Is there an example of a power of prime ideal in a polynomial ring that is not primary?
The question may have been addressed in Math SE before; but my question is a little variation of it, coming because of a very common example for this question.
It is well known that powers of a prime ideal need not be primary and a standard example is to consider the quotient of $k[x,y,z]$ by the ideal $(xy-z^2)$, and in the quotient ring, take the prime ideal $(\bar{x},\bar{z})$; its square is not primary.

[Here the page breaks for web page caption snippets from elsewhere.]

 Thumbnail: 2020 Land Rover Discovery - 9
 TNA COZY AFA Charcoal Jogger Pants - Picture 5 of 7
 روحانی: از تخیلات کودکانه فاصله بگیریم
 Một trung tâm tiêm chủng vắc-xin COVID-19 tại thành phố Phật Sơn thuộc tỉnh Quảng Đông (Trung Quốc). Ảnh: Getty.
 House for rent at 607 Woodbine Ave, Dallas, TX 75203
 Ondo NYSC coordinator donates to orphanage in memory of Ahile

Now this example of prime ideal is in quotient of polynomial ring.
Q. Can we construct an example of a prime ideal within a polynomial ring, say $k[x,y]$ or $k[x,y,z]$, whose some power is not primary?
The following example is taken from Northcott, Ideal Theory.

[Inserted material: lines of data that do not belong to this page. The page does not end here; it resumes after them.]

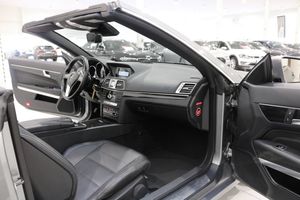 Mercedes E220 bild 16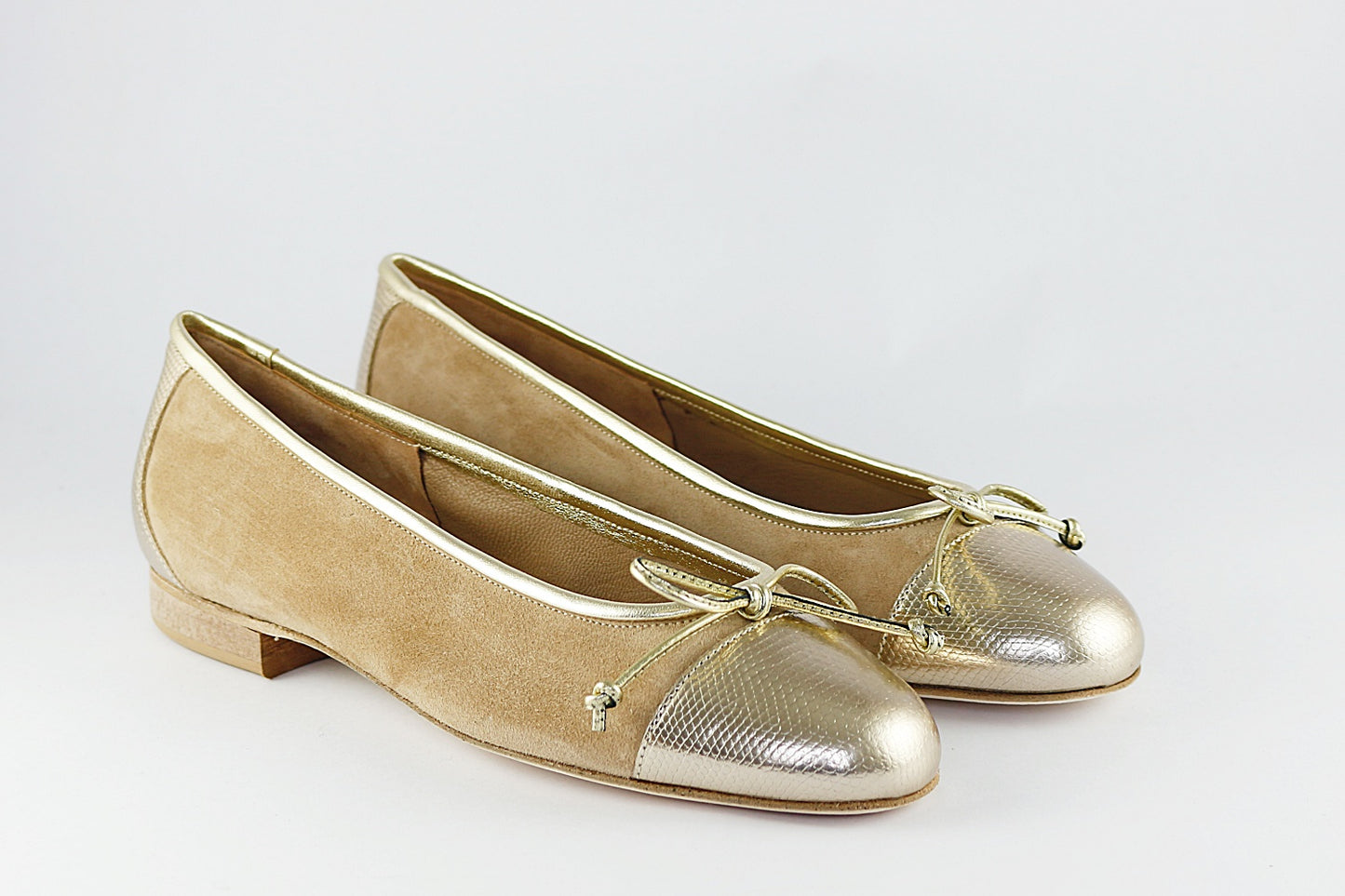 'Urbino' in Biscuit & Gold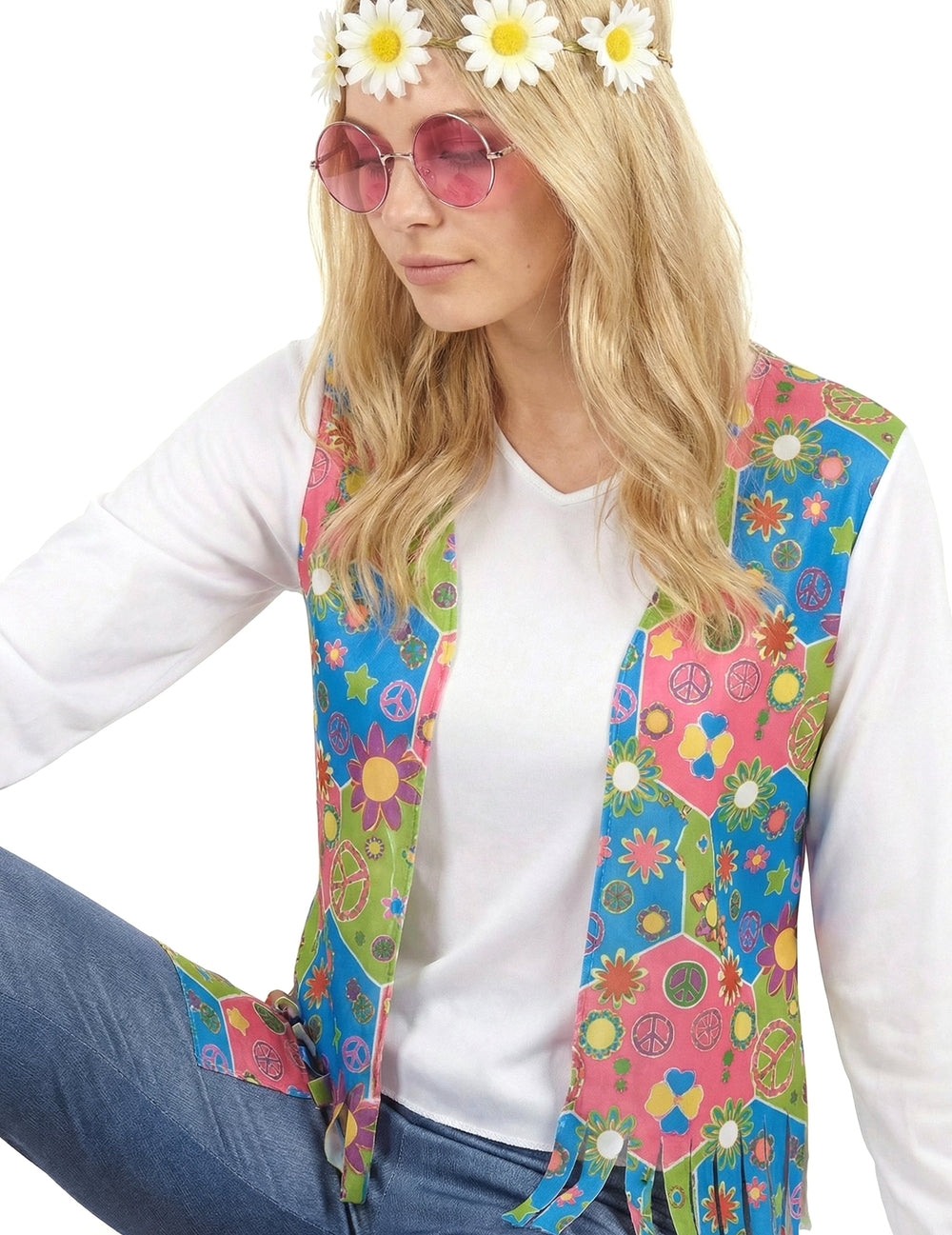 Détail du gilet à franges et des accessoires du déguisement hippie peace and love pour femme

Let $R=k[x,y,z]$ and $\mathfrak{p}=(f_1,f_2,f_3)$, where $f_1=y^2-xz$, $f_2=yz-x^3$, $f_3=z^2-x^2y$.
To see that $\mathfrak{p}$ is prime, consider $R/\mathfrak{p}$ as a $k[z]$-module. Since in this quotient we have the relations $y^2=xz, yz=x^3,z^2=x^2y$, a generating system for $R/\mathfrak{p}$ as a $k[z]$-module is given by $\{1,x,y,xy,x^2\}$. It follows that any $f \in k[x,y,z]$ can be written as $$f(x,y,z)=x^2A(z)+xyB(z)+xC(z)+yD(z)+E(z)+g(x,y,z),$$ where $A,B,C,D,E \in k[z]$ and $g(x,y,z) \in \mathfrak{p}$.
Now consider the ring homomorphism $\varphi:k[x,y,z] \to k[t], f(x,y,z) \mapsto f(t^3,t^4,t^5)$. We get that $\mathfrak{p} \subseteq \operatorname{ker}(\varphi)$.
If $\varphi(f)=0$, then writing $f$ in the form as above, we get $$f(t^3,t^4,t^5)=t^6A(t^5)+t^7B(t^5)+t^3C(t^5)+t^4D(t^5)+E(t^5)=0.$$
This implies that $A=B=C=D=E=0$, because the degree $d$ of every term in $t^6A(t^5)$ satisfies $d \equiv 1 \pmod{5}$, terms in $t^7B(t^5)$ have degree $d$ with $d \equiv 2 \pmod{5}$, terms in $t^3C(t^5)$ have degree $d$ with $ d \equiv 3 \pmod{5}$ etc., so there can't be any cancellation. This shows that $f(x,y,z)=g(x,y,z) \in \mathfrak{p}$. So $\mathfrak{p}=\operatorname{ker}(\varphi)$ is a prime ideal.
Now, we show that $\mathfrak{p}^2$ is not primary. If $\mathfrak{p}^2$ was primary, it would be $\mathfrak{p}$-primary. $\mathfrak{p}^2$ contains $$f_2^2-f_1f_3=(yz-x^3)^2-(y^2-xz)(z^2-x^2y)=x (x^5 - 3 x^2 y z + x y^3 + z^3),$$ as $x$ is not in $\mathfrak{p}$, so if $\mathfrak{p}^2$ was $\mathfrak{p}$-primary it would contain $x^5-3x^2yz+xy^3+z^3$, but every polynomial in $\mathfrak{p}^2=(y^2-xz,yz-x^3,z^2-x^2y)^2$ contains no terms of degree less than $4$, so this is not the case.